### Aim of the task
Reproduce the records below in full and without edits, omitting images.

### Data section
>>>>>
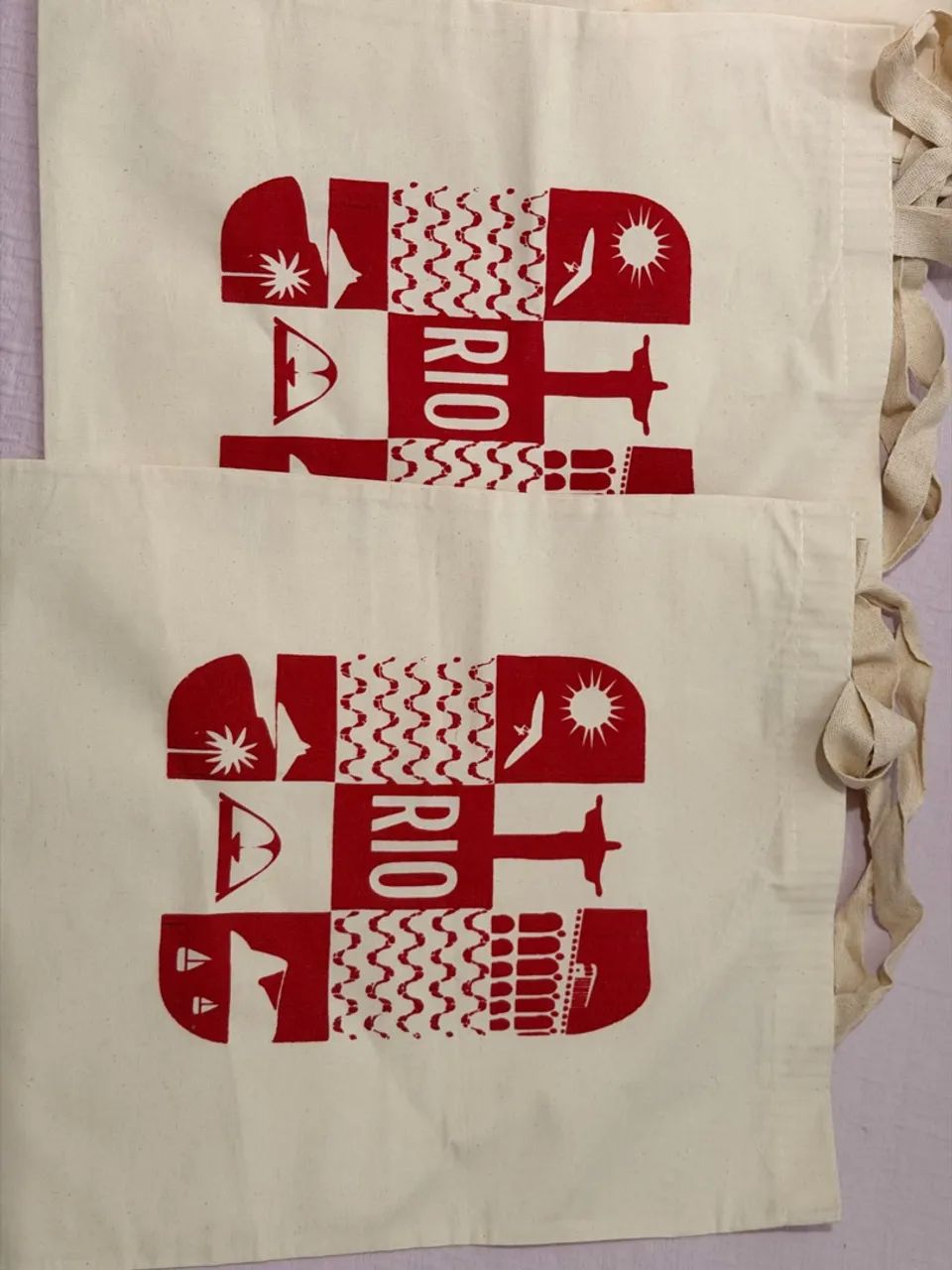 ECOBAGS RIO DE JANEIRO - Foto 4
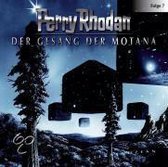 Perry Rhodan 07. Der Gesang der Montana. CD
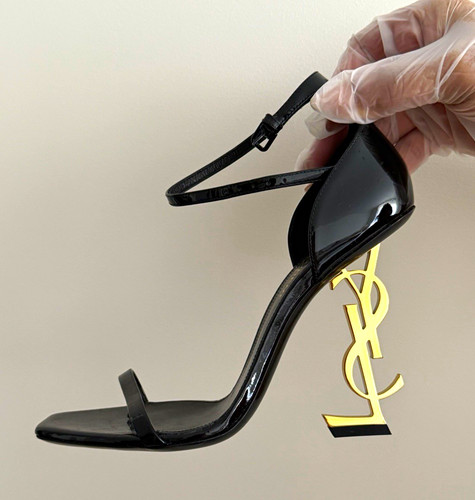 Saint laurent opyum black - saint,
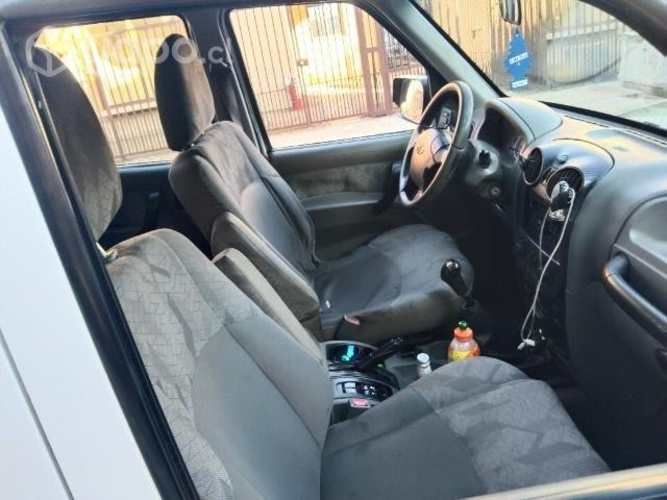 Vendo Mahindra scorpion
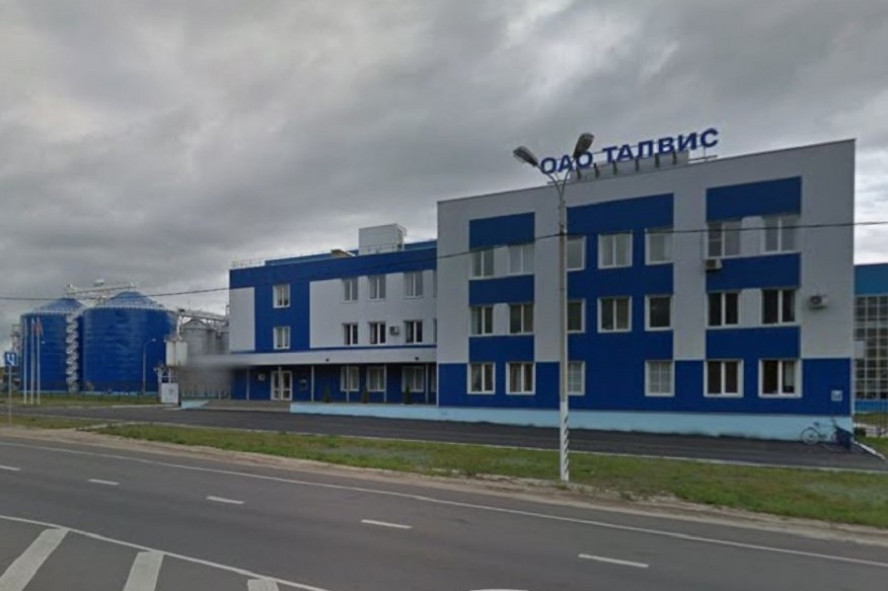 "Амбер Талвис" выставили на торги за 3,9 миллиарда рублей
<<<<<
### Reply to the task
 ECOBAGS RIO DE JANEIRO - Foto 4
 Perry Rhodan 07. Der Gesang der Montana. CD
 Saint laurent opyum black - saint,
 Vendo Mahindra scorpion
 "Амбер Талвис" выставили на торги за 3,9 миллиарда рублей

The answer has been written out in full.